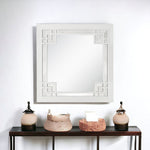 39" White Square Accent Wood Mirror - Montana Home & Kitchen Co.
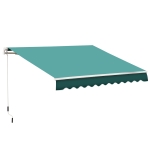 Outsunny 13' X 8' Manual Retractable Sun Shade Patio Awning - Green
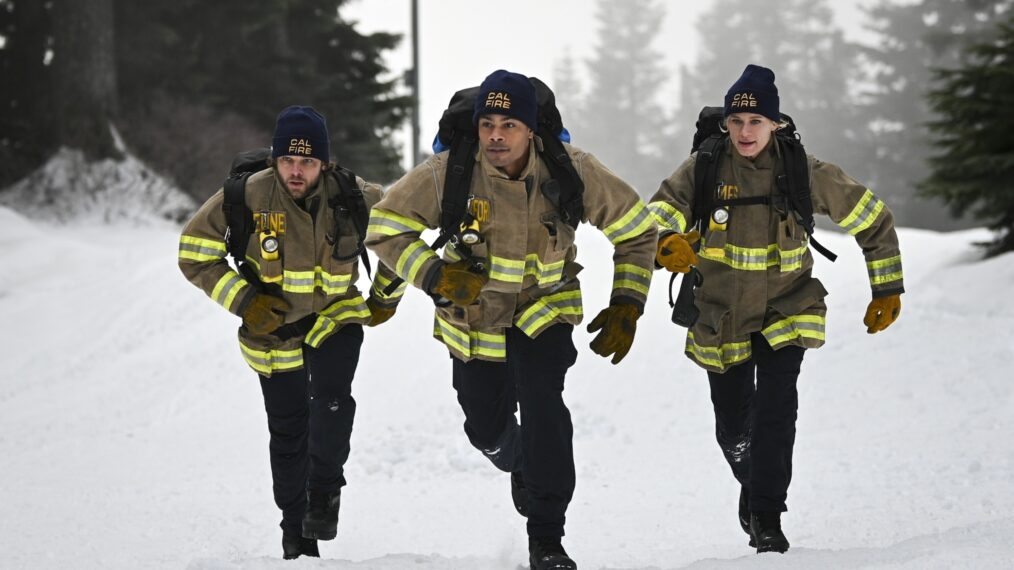 Max Thieriot as Bode Leone, Jordan Calloway as Jake Crawford, and Leven Rambin as Audrey James — 'Fire Country' Season 3 Episode 17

####################

» **TO DO**
Could the data above be returned in full, exactly, with every image left out?

» **COMPLETED EXERCISE**
 39" White Square Accent Wood Mirror - Montana Home & Kitchen Co.
 Outsunny 13' X 8' Manual Retractable Sun Shade Patio Awning - Green
 Max Thieriot as Bode Leone, Jordan Calloway as Jake Crawford, and Leven Rambin as Audrey James — 'Fire Country' Season 3 Episode 17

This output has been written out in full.